Friday, June 5, 2015

“KISS ME KATE” SIMPLY WUNDERBAR!





Take a jolly Shakespeare comedy “The Taming of the Shrew,” toss in a troupe of actors and update the Bard’s work to a musical set in Baltimore in the late 1940’s and you have all the delicious ingredients for an afternoon or evening of joy.  “Kiss Me Kate,” with book by Bella and Samuel Spewack and glorious songs by Cole Porter is a colorful calliope of comedy revolving at the Hartford Stage until Sunday, June 14.

As a story within a story, we meet the feuding and divorced acting couple Fred Graham and his co-star ex-wife Lilli Vanessi.  Mike McGowan’s Fred is wonderfully disdainful of his temperamental Lilli, played with fantastic finesse by Anastasia Barzee.  The pair spar and parry, though one might ponder that they protest their antagonism a shade too much.

Both have seemed to have moved on romantically, he courting the young and pretty and flirtatious cast member Lois, an upwardly ambitious Megan Sikora, and she the prestigious military man General Howell, a macho and motivated Tony Lawson.  When Lilli receives a bouquet of roses on the anniversary of their divorce, she thinks Fred sent them out of an undying love.  When she realizes they were really meant for Lois, in the middle of their onstage show, she takes a clearly physical revenge.

In the Bard’s play, Lilli’s Katherine is a tempestuous shrew whom no suitors will court.  That leaves her father Baptista (Jeff Steitzer)  with a dilemma.  His younger daughter Bianca (Megan Sikora) has a trio of suitors, Lucentio (Tyler Hanes), Horstensio (Giovanni Bonaventura) and Gremio (Barrett Martin) who all want to marry her.  She sings a delicious “Tom, Dick or Harry” that shows off her excellent marital possibilities.  Bianca can’t wed until Katherine does. When Petruchio (Mike McGowan) arrives on the scene, loudly proclaiming “I’ve Come to Wive It Wealthily in Padua,” the plot to marry him off to the “cursed Kate” is hatched.
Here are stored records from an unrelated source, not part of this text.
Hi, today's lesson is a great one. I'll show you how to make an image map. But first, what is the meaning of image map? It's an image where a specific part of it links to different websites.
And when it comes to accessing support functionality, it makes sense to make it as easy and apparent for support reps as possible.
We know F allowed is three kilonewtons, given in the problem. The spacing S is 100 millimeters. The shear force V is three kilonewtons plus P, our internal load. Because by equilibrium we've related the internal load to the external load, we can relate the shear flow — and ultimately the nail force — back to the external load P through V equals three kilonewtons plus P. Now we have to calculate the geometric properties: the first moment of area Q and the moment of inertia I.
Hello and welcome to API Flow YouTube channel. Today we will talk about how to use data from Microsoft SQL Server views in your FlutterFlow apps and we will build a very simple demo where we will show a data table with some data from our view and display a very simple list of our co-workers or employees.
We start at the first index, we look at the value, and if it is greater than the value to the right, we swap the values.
Between the feuding on stage and back stage, the action is delightfully and comically intense.  Lois plays a master juggler, also fielding the attentions of her gambling addicted beau Bill (Tyler Hanes) who has just lost 10,000 big ones and signed an unsuspecting Fred Graham’s name to the I.O.U.  When two gangsters arrive to collect (Joe Blum and Brendan Averett), they soon find themselves in costume and do a cute turn of step in “Brush Up Your Shakespeare.”

Darko Tresnjak pulls out all the great gimmicks to make this show a pure pleasure, with Peggy Hickey’s energetic choreography, a terrific cast of actors, a versatile revolving set designed by Alexander Dodge and splendid costuming by Fabio Toblini.
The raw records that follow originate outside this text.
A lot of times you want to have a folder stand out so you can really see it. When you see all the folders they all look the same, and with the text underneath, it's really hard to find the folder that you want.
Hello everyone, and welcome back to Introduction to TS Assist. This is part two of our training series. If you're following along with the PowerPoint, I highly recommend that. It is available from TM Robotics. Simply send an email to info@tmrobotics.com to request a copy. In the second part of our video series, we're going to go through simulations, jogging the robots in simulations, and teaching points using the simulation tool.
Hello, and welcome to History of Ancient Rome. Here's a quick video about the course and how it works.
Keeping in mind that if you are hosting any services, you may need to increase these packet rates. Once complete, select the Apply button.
For tickets ($25 and up), call the Hartford Stage, 50 Church Street, Hartford at 860-527-5151 or online at www.hartfordstage.org.  Performances are Wednesday,Thursday and Sunday at 7:30 p.m., Friday and Saturday at 8 p.m. and matinees Saturday and Sunday at 2 p.m.

With kudos to Shakespeare, the Spewacks and Cole Porter, you can’t help being bowled over by this spectacular “wunderbar” performance. It’s too darn hot  not to sizzle.